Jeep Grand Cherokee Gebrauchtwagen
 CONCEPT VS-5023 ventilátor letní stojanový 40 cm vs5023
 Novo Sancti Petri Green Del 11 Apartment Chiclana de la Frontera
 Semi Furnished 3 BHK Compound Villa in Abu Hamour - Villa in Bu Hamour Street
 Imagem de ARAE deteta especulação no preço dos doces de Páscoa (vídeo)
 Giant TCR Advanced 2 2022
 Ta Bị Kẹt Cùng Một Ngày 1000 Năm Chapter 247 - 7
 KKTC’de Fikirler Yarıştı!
• • •
● What the task requires:
Everything from the first line of the listing above through the line holding "Giant TCR Advanced 2 2022" must be retyped exactly; nothing else belongs in the reply.

● Task response:
Jeep Grand Cherokee Gebrauchtwagen
 CONCEPT VS-5023 ventilátor letní stojanový 40 cm vs5023
 Novo Sancti Petri Green Del 11 Apartment Chiclana de la Frontera
 Semi Furnished 3 BHK Compound Villa in Abu Hamour - Villa in Bu Hamour Street
 Imagem de ARAE deteta especulação no preço dos doces de Páscoa (vídeo)
 Giant TCR Advanced 2 2022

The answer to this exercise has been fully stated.